First power has flowed from Argentina's newest nuclear power reactor, the government said, supporting its goals for power generation diversity, fuel import reduction and 'energy sovereignty'.
Having achieved criticality early this month, the new reactor at the Atucha nuclear power plant began sending 5% of its rated power to the Argentine electricity grid on 27 June. The reactor is to ramp up its production in stages, reaching 30% this week and approaching full power within two to three months.
Atucha 2's rated power is 692 MWe and together with Atucha 1 and the reactor at Embalse it establishes Argentina's total nuclear generating capacity at around 1627 MWe. The Carem small reactor project should add a further 27 MWe by 2018.
What's in a name
Both the reactors at Atucha nuclear power plant now feature new official names celebrating past Argentinian leaders. Unit 1 is officially known as 'Atucha 1 - President Juan Domingo Perón'; while unit 2 is known as 'Atucha 2 - President Dr Néstor Carlos Kirchner'.
Speaking at the plant to celebrate the achievement of first power, Julio de Vido, the minister of planning, public investment and services, said the new reactor would diversify Argentina's energy mix and generate clean affordable energy with nuclear power. Its contribution to diversity was in line with President Cristina Fernandez de Kirchner's goals to 'recover energy sovereignty,' said De Vido.

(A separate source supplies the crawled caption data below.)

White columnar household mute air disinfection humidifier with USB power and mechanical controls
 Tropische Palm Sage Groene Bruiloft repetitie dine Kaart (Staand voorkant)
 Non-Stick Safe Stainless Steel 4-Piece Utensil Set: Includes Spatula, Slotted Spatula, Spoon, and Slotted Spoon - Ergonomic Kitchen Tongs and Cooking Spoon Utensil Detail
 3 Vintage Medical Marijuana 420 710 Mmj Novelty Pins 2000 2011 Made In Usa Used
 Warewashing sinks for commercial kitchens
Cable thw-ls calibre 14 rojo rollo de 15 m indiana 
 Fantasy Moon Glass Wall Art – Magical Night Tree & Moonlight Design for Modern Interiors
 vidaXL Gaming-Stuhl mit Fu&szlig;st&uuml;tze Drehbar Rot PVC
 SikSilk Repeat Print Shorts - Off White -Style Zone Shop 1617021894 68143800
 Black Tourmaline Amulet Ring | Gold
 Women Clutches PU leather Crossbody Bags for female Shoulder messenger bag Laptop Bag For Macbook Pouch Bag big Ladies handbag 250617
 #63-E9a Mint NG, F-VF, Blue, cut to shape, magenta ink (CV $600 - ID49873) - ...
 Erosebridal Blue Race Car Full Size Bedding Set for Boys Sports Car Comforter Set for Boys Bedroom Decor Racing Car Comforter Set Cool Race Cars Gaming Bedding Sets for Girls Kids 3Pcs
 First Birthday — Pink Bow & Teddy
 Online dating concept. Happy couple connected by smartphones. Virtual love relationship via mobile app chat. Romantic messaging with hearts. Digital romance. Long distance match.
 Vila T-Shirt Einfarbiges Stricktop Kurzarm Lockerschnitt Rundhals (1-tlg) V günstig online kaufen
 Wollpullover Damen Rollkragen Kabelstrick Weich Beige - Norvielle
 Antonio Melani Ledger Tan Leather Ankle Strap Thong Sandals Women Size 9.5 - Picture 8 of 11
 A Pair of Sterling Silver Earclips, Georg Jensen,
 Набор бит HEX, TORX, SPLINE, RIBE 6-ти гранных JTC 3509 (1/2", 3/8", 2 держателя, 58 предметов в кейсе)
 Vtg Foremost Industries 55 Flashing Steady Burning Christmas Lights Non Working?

As an oil exporter, Argentina also burns the fuel to generate about 15% of its electricity. Atucha 2's electricity would avoid the burning of oil worth some $1.5 billion per year, said De Vido: "This clearly supports self-sufficiency, aims to improve the balance of foreign exchange, replaces fuel imports and fundamentally consolidates technological knowledge within Argentina."